About the time that Iceland adopted Christianity, it was carried also to Greenland, which had recently been colonized by Eric the Red. Leif, a son of this Eric, brought the first Christian priest to Greenland. References are made in the account of Leif, and several of those who followed him, to a land which has been supposed by some to be identical with Massachusetts and Rhode Island. That the American coast was reached by these voyagers is entirely credible, but the point of visitation is still a subject for inquiry.See Narrative and Critical History of America, edited by Justin Winsor, vol. i.

Among the Slavonian races, the missionary era was the ninth, tenth, and eleventh centuries. Moravia received the gospel in the latter half of the ninth century, through the Greek missionaries Cyril and Methodius, the latter of whom was awarded the metropolitan dignity from Rome. The movement in Moravia reinforced the beginning which had been made shortly before in Bohemia. From Bohemia, Christianity was carried, after the middle of the tenth century, into Poland.

The Bulgarians, Slavonian in language but not in race, first learned of Christianity from captives taken in the early part of the ninth century, among whom was the Bishop of Adrianople. They generally clung, however, to their old religion till after the middle of the same century. As the agency by which they were finally persuaded to a change of faith came from Constantinople, it was but natural that their allegiance should gravitate thither. However, for a brief interval there was a serious consideration of the question of union with Rome. An embassy was sent thither about 865. The Pope in response dispatched his legates into Bulgaria, and returned answers to a long list of questions which had been propounded respecting worship and life. The answers, on the whole, were very creditable, and such as might have been expected from the sagacious pontiff, Nicolas I., who then occupied the chair of Peter. The Bulgarians, however, were not sufficiently grateful for the paternal offices of the Pope to attach themselves to Rome.
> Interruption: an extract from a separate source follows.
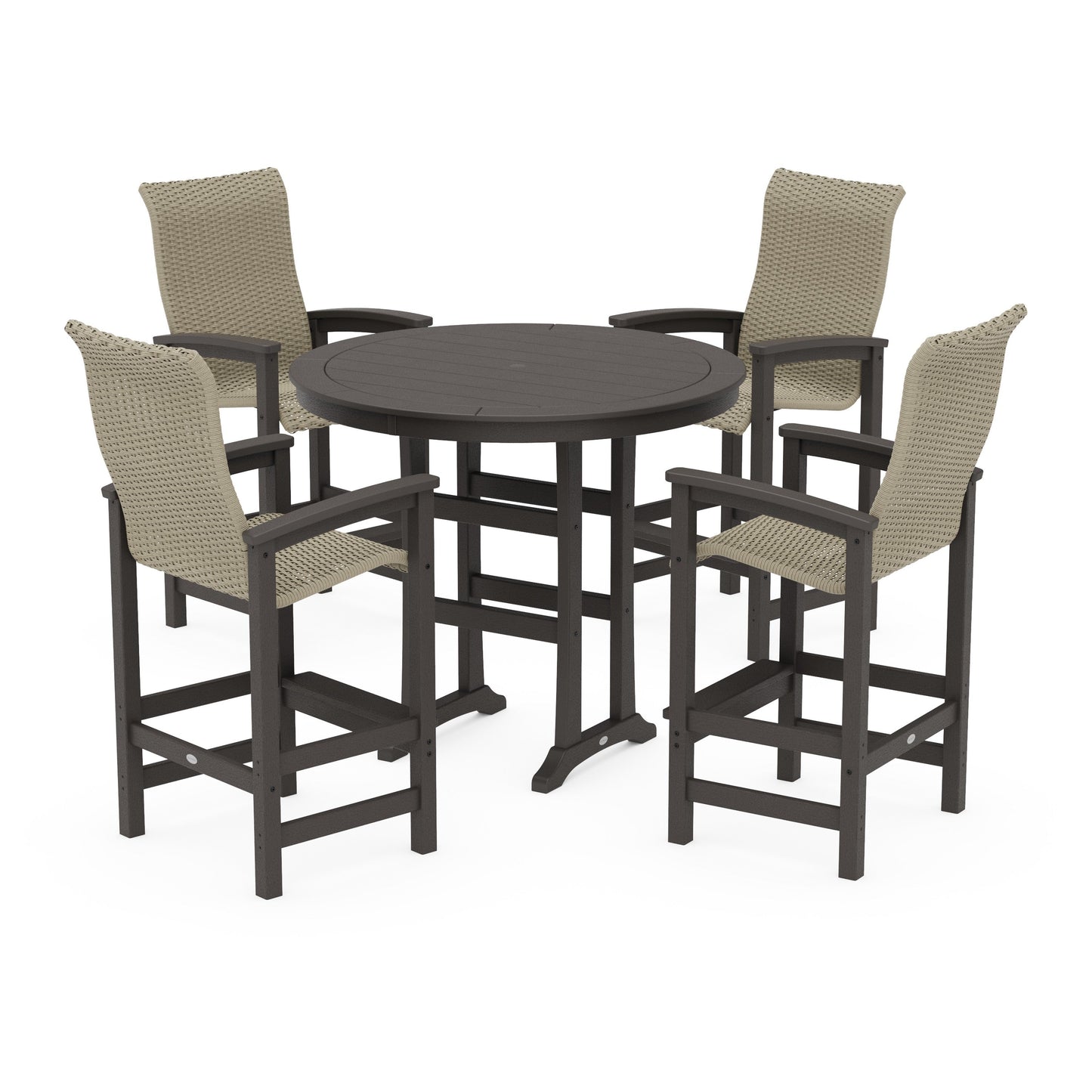 POLYWOOD Coastal Woven High-Back 5-Piece Round Bar Set — Vintage Coffee / Dune Grass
If a statement sent forth in 866 by Photius, Patriarch of Constantinople, could be taken in its full breadth, it must be concluded that the Russians had already in large numbers embraced the gospel. But Photius wished to magnify the missionary activity of the East, and so in all probability gave too high a color to his picture. The positive establishment of Christianity in Russia was more than a century later. In 955, as we read, Olga, widow of the Russian King Igor, was baptized in Constantinople under the Christian name Helena. Her grandson Vladimir was baptized in 988. Like a genuine Russian autocrat, he ordered his subjects to follow his example. His son and successor was also a zealous patron of Christianity; and churches, schools, and monasteries were multiplied throughout the country.
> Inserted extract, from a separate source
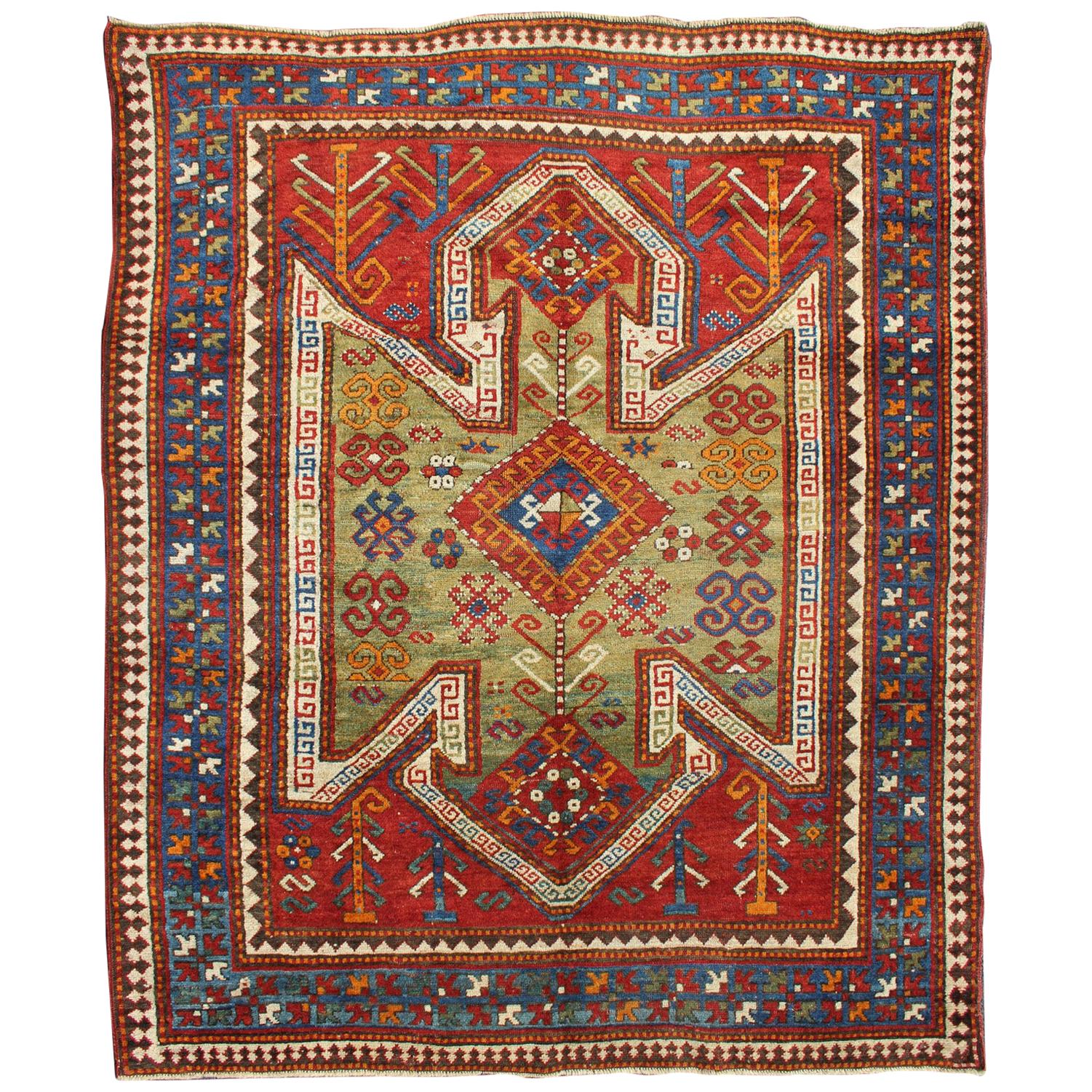 Antique Caucasian Sewan Kazak Rug with Large-Scale Tribal Design in Red & Green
The Hungarians, or Magyars, the last and fiercest of the great swarms of invaders which poured through Central Europe, after spreading the terror of their name into Southern Gaul and Italy, were finally confined by the victories of Henry the Fowler and Otho the Great (933, 955) to their present bounds upon the Danube. Very soon thereafter the feeble beginning of Christianity, which had been received through connection with Constantinople, was supplemented by missionaries from the German Empire. At the end of the tenth century, King Stephen, who came to be honored by the Hungarians as a saint, was a zealous patron of the Christian Church among his subjects. His efforts, however, did not secure to it such a place in the affections of the people as to prevent a subsequent reaction to heathenism.

Thus, from the time that the conversion of Constantine inaugurated the open triumph and ascendancy of Christianity in the Roman Empire, seven centuries elapsed before all of the prominent tribes of Europe bad consented to take the Christian name. In obscure quarters, at a still later date, there were professed heathen within European bounds.